Principaux renseignements
- Les autorités internationales ont démantelé un réseau de trafic qui expédiait illégalement 4 200 tonnes de déchets textiles de l’Italie vers la Turquie.
- Le crime organisé génère des profits illicites en étiquetant de manière trompeuse des matières dangereuses afin d’échapper aux coûts élevés du recyclage.
- Les pays de l’UE réclament désormais des réglementations plus strictes pour lutter contre la « fast fashion » et la mauvaise gestion systémique des déchets.
Une opération conjointe menée par l’Office européen de lutte antifraude (OLAF), les douanes turques et les carabiniers italiens a permis de démanteler un important réseau de trafic illégal qui exportait 4 200 tonnes de déchets textiles de l’Italie vers la Turquie.
Ce trafic concernait principalement des matériaux riches en fibres acryliques, réputées difficiles à traiter et pouvant persister dans l’environnement pendant deux siècles. Afin de contourner les réglementations coûteuses en matière d’élimination des déchets et les obligations environnementales, les auteurs auraient faussement étiqueté les cargaisons.
Fraude à grande échelle
L’ampleur de la fraude s’est révélée plus vaste lors d’inspections conjointes menées en Turquie. Au-delà de l’envoi initial, les autorités ont découvert 2 100 tonnes supplémentaires de déchets dans un entrepôt de recyclage non conforme, ainsi que 768 tonnes de textiles italiens mal étiquetés en attente d’une élimination illégale au port de Mersin.
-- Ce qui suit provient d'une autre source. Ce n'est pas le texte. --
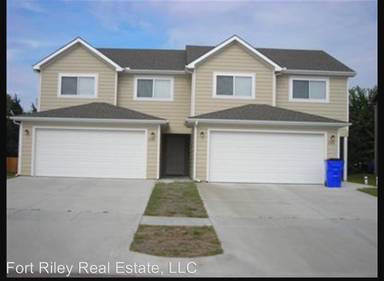 Main picture of 2504 Deerfield Blvd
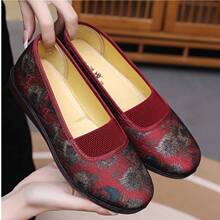 秋季老北京布鞋女鞋中老年人软底防滑妈妈鞋透气舒适宽松奶奶鞋43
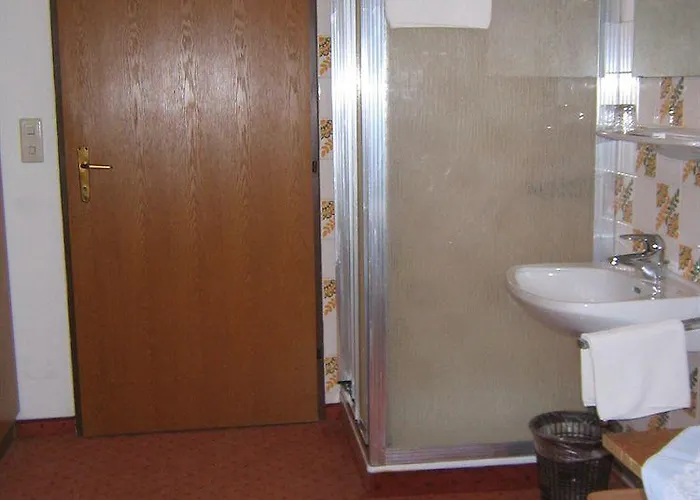 Hotel Kleinmuenchen 2*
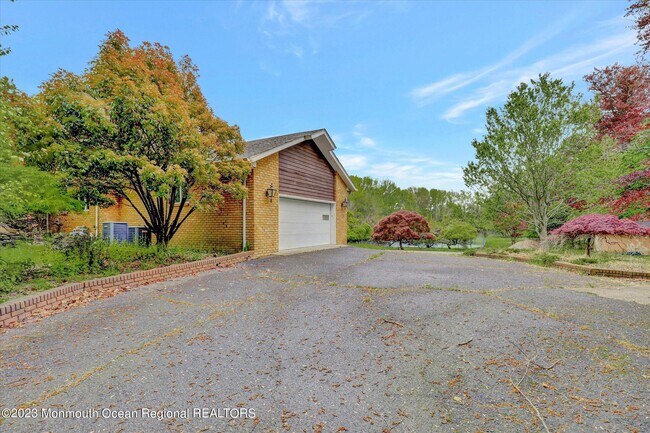 Building Photo - 84 Wickapecko Dr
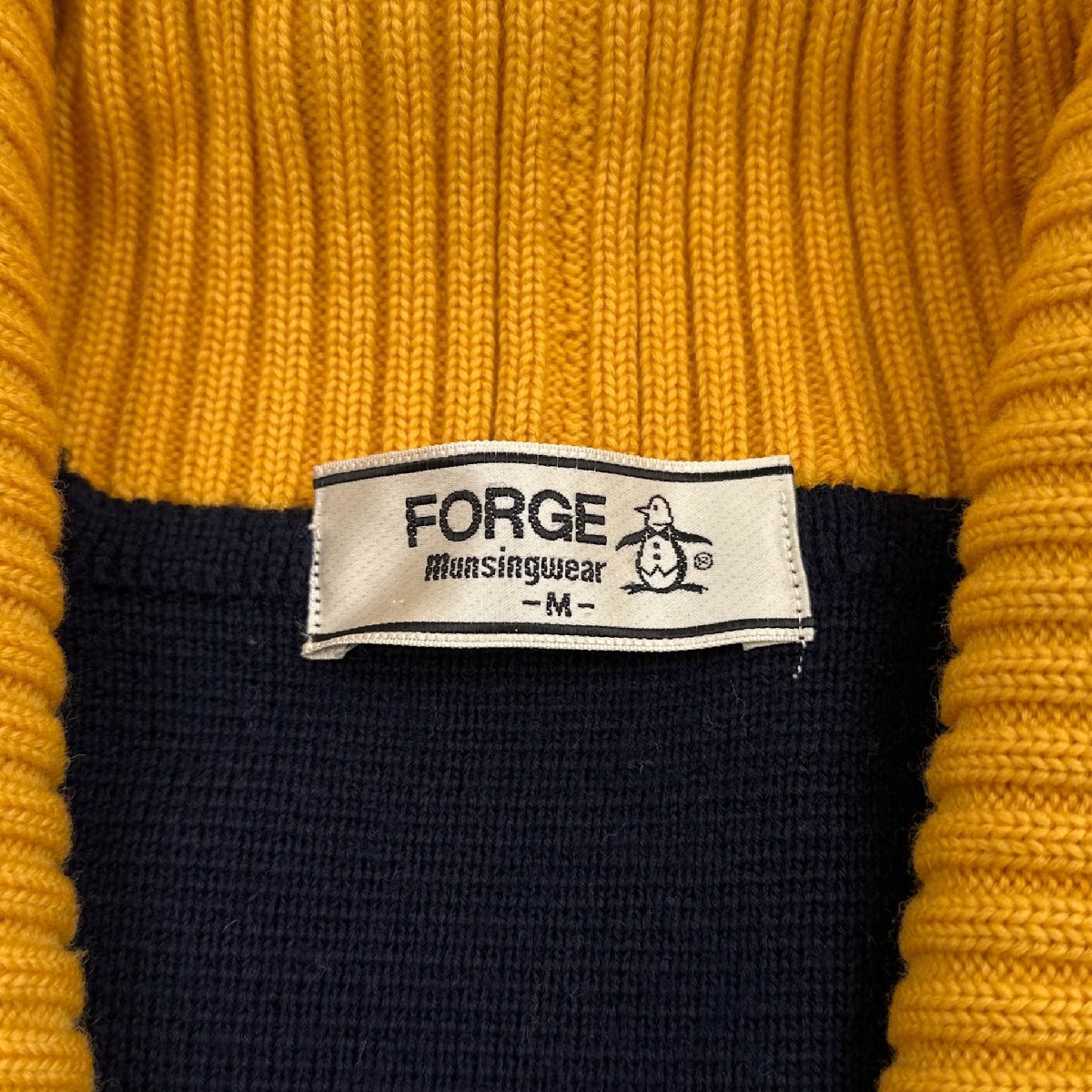 Munsingwear forge マンシング 豪華ボタン 金ボタン ウール ショールカラー ダブル ニット ジャケット サイズM/ネイビー/レディース/ゴルフ_画像5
En Italie, cette opération a donné lieu à des perquisitions à Brescia, où les autorités ont saisi une flotte de véhicules de transport, des locaux d’entreprise et environ 12 millions d’euros d’actifs.
Petr Klement, directeur général de l’OLAF, a souligné que ces activités frauduleuses permettent aux réseaux de criminalité organisée de générer des profits illicites en se soustrayant aux coûts de recyclage. Il a insisté sur la nécessité d’une coopération mondiale pour contrecarrer les crimes environnementaux qui menacent à la fois la stabilité écologique et l’intégrité économique.
Crise européenne des déchets textiles
Cet incident met en évidence une crise plus large au sein de l’UE, où le chiffre d’affaires colossal de l’industrie de l’habillement est contrebalancé par la difficulté à gérer les déchets textiles. En 2019, seuls environ 20 pour cent des 12,6 millions de tonnes de déchets textiles européens ont été collectés en vue de leur recyclage ou de leur réutilisation, le reste étant souvent destiné aux incinérateurs ou aux décharges des pays du Sud.
Pour lutter contre ce phénomène, la Commission européenne met en œuvre dès 2025 des règles plus strictes en matière de gestion des déchets afin d’empêcher l’exportation de déchets déguisés en produits réutilisables.
Fast fashion
Parallèlement à ces efforts de mise en application, la France et quatre autres pays de l’UE militent en faveur de politiques plus énergiques contre la « fast fashion ». Cette coalition fait valoir que les modèles économiques utilisés par des plateformes telles que Temu et Shein encouragent une consommation non durable et submergent les infrastructures de gestion des déchets.
Elle exhorte la Commission à renforcer la surveillance des places de marché en ligne, à combler les lacunes réglementaires de la loi sur l’économie circulaire et à mettre en œuvre des systèmes de responsabilité des producteurs plus stricts afin de favoriser un système de recyclage circulaire.